Resistance monitoring studies conducted by Corteva Agriscience over many years have shown that the level of weed control of both blackgrass and ryegrass by Kerb (propyzamide) has remained consistent, while the efficacy of the ALS and ACCase herbicides has declined.

All the tests, including the most recent in 2018, demonstrated that this popular herbicide remained consistent regardless of the resistance status of the weed populations tested.

Grass-weed resistance has been a challenging issue in the UK for many decades and it is now a major problem in virtually all arable rotations.

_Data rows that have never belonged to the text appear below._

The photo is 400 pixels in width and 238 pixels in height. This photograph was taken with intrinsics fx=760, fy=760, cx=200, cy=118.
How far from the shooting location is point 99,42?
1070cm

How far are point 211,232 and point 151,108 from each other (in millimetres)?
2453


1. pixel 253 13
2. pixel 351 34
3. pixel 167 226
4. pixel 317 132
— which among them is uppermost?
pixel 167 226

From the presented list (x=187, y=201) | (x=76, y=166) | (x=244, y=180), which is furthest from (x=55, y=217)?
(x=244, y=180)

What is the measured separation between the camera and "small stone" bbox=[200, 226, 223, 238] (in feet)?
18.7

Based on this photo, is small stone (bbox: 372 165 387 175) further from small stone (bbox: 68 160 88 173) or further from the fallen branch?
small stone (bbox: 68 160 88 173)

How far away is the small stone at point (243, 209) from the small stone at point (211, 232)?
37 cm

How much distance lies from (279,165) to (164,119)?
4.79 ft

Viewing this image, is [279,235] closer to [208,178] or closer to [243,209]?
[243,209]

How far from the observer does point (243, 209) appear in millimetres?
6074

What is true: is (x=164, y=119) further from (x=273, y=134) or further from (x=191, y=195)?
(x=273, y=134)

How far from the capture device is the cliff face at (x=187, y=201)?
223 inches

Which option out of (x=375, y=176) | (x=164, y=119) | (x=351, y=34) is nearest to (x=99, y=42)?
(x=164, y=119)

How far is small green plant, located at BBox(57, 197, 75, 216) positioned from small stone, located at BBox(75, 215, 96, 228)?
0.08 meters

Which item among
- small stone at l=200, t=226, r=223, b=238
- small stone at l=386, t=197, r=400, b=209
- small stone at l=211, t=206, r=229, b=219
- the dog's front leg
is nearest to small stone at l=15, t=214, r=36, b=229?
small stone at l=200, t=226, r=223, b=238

According to the Herbicide Resistance Action Committee (HRAC), herbicide resistance is defined as the naturally occurring ability of some weed biotypes in a weed population to survive a herbicide treatment that should, under normal circumstances control that weed.

In the field it is a numbers game whereby the herbicide does not control a resistant weed and so selects out resistant survivors in a population. If the same herbicide, or one with the same mode of action is used again, it will lead to more and more individuals being selected creating a resistant population.

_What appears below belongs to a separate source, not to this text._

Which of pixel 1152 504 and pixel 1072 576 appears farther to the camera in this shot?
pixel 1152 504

There are two basic types of resistance in the UK. Enhanced metabolism is when a resistant plant can degrade the herbicide to non-phytotoxic metabolites faster than a sensitive one (shown by fop chemistry in blackgrass).

Whilst it is not an absolute resistance, it is the most widespread mechanism in blackgrass and can be overcome if the herbicide is applied to a small actively growing plant.

The second type of resistance is more serious as it is absolute and its mechanism is called target site (ALS inhibitor groups have this type of resistance). Here the herbicide can no longer bind to its normal site of action.

The build-up of this type of resistance can be rapid and has become more significant with the increase in use of ALS herbicides such as mesosulfuron-methyl +iodosulfuron-methyl-sodium in wheat.

Herbicide resistant blackgrass was first detected in the UK in 1982, resistant Italian ryegrass in 1990 and resistance wild oats in 1993. Propyzamide in the form of Kerb 400 has been on the market since 1976, and in combination with aminopyralid in ASTROKerb since 2014 and there is still no resistance to this residual-acting herbicide or any shift in sensitivity, said Corteva.